Aging in Asia:  SFSU Social Work Professor Rashmi Gupta started this interest group. Seoul, Korea will host 20th IAGG World Congress of Gerontology and Geriatrics meeting next year.  San Francisco will host IAGG in 2017 (http://www.iagg.info/news-iagg?page=1)! In the meantime, we can work to have San Francisco join the WHO Global Network of Age-Friendly Cities at  http://www.who.int/ageing/publications/Age_friendly_cities_checklist.pdf.

Today & the future
Honoring Contributions of Elaine Brody: “Women in the Middle” Revisited (BSS):  “Women in the Middle” refers to daughters, who are the main caregivers of elderly parents, caught in the middle to competing demands in their roles as mother, daughter and employee.  90-year old Brody mentioned testifying in Capitol Hill, before she retired 30 years ago, and asked why today’s gerontologists are no longer doing the same?  (Read her insights on being a "very, very old" gerontologist at http://www.geron.org/uploads/documents/AnInsider'sPerspective.pdf)

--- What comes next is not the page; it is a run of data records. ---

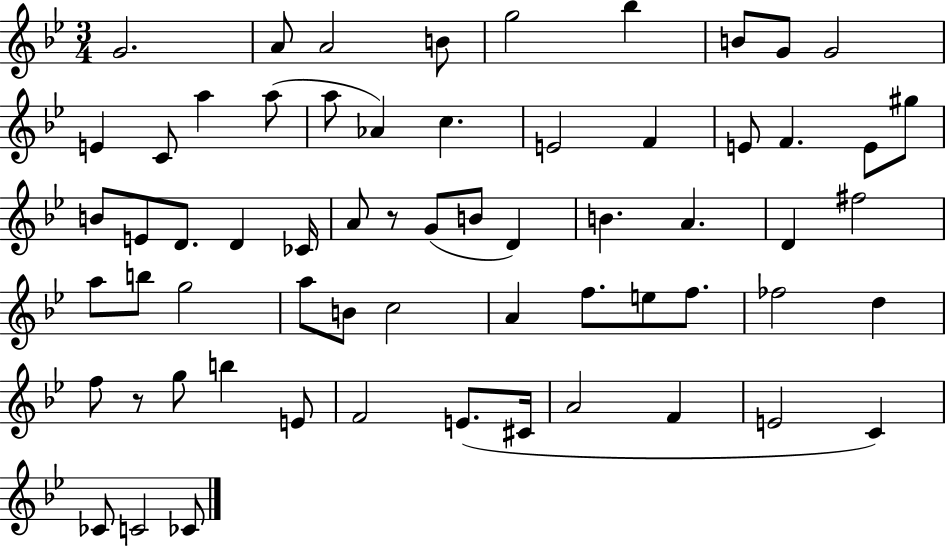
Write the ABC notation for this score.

X:1
T:Untitled
M:3/4
L:1/4
K:Bb
G2 A/2 A2 B/2 g2 _b B/2 G/2 G2 E C/2 a a/2 a/2 _A c E2 F E/2 F E/2 ^g/2 B/2 E/2 D/2 D _C/4 A/2 z/2 G/2 B/2 D B A D ^f2 a/2 b/2 g2 a/2 B/2 c2 A f/2 e/2 f/2 _f2 d f/2 z/2 g/2 b E/2 F2 E/2 ^C/4 A2 F E2 C _C/2 C2 _C/2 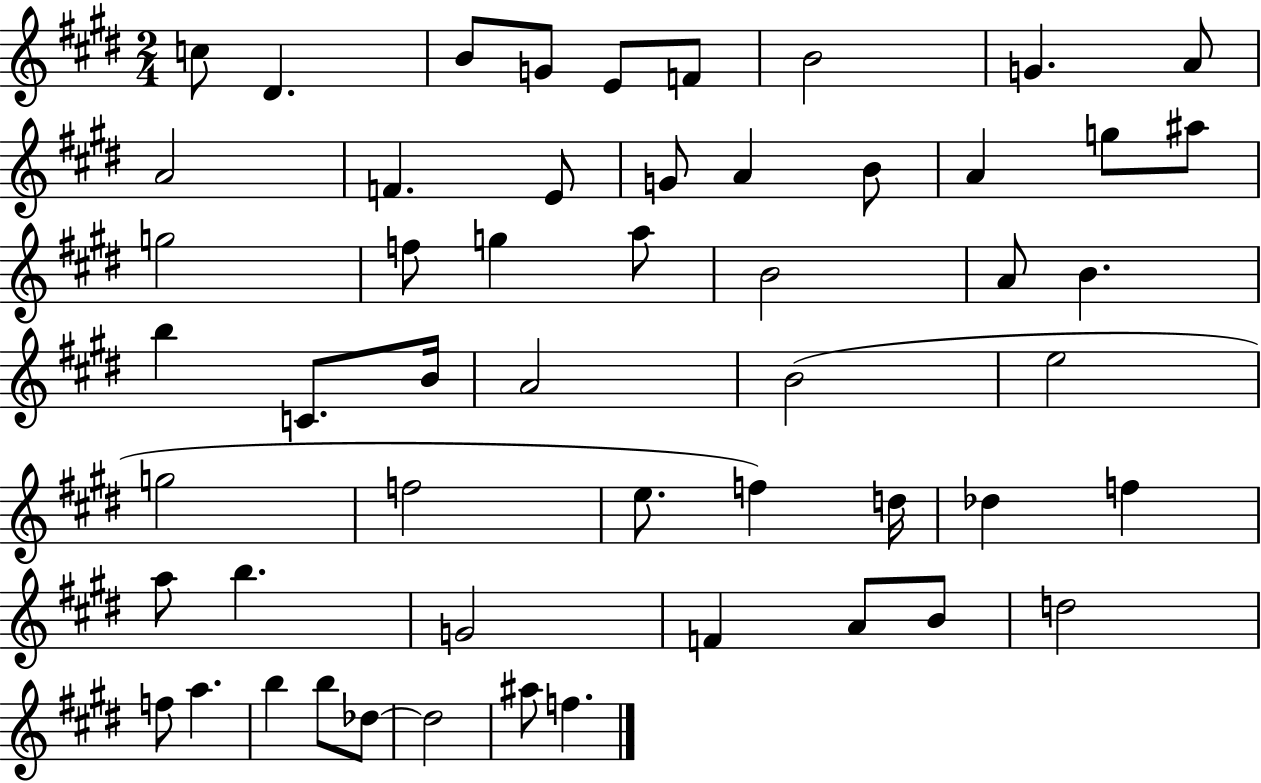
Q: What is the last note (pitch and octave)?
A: F5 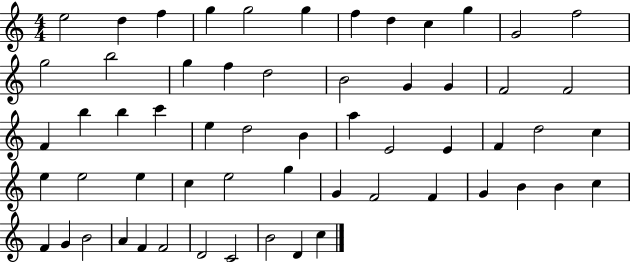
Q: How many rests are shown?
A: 0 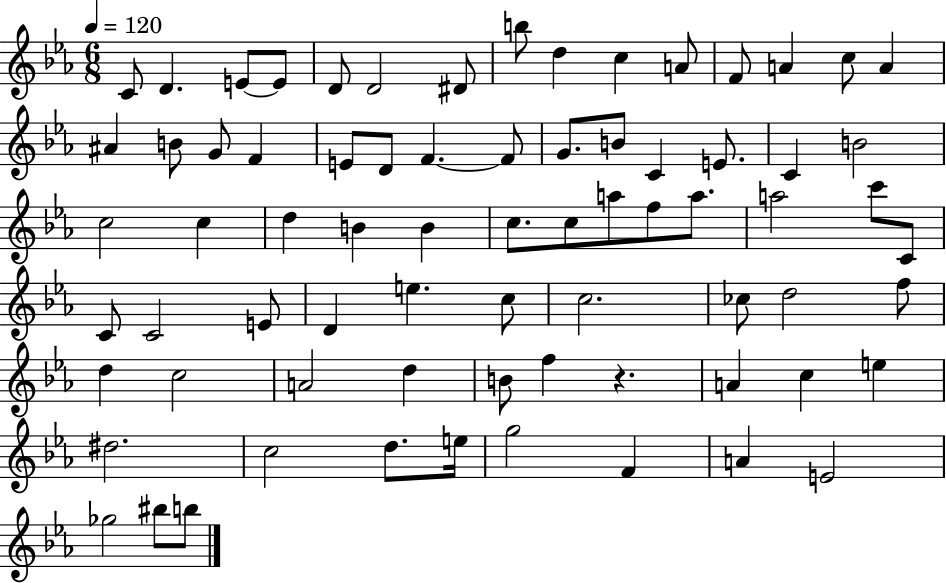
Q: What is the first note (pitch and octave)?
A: C4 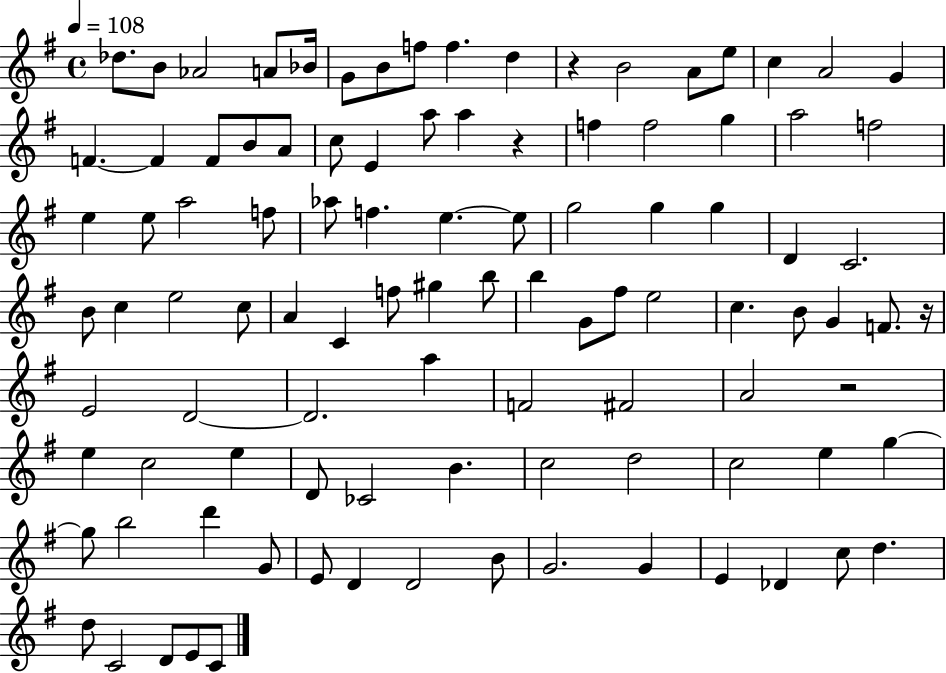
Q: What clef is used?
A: treble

ESPO/AGHE: Exploring Post-Graduation Opportunities (HS):  listening to recent graduate Tara McMullen discuss working at Centers for Medicare and Medicaid inspired me to consider returning to the federal government to do policy work, which has such potential to make a huge impact on society.  But this seems to depend on who's in power and the prevailing view of government's role.  I previously worked at the U.S. Department of Labor under Secretary Robert Reich during the Clinton Administration’s first term (which enacted the Family Medical Leave Act, attempted health care reform and endured the federal government shutdown/Contract with America).
 
What Future for Social Security? (SRPP):  Moody (again, this time playing talk show host) with Andy Achenbaum and Larry Polivka.  Moody announced that he would be retiring from AARP and distributed copies of its publication, The Future of Social Security: 12 Proposals You Should Know About (http://www.aarp.org/work/social-security/info-05-2012/future-of-social-security-proposals.html).
Old Guys Rule ("The older I get, the better I was") t-shirts were a common sight in San Diego!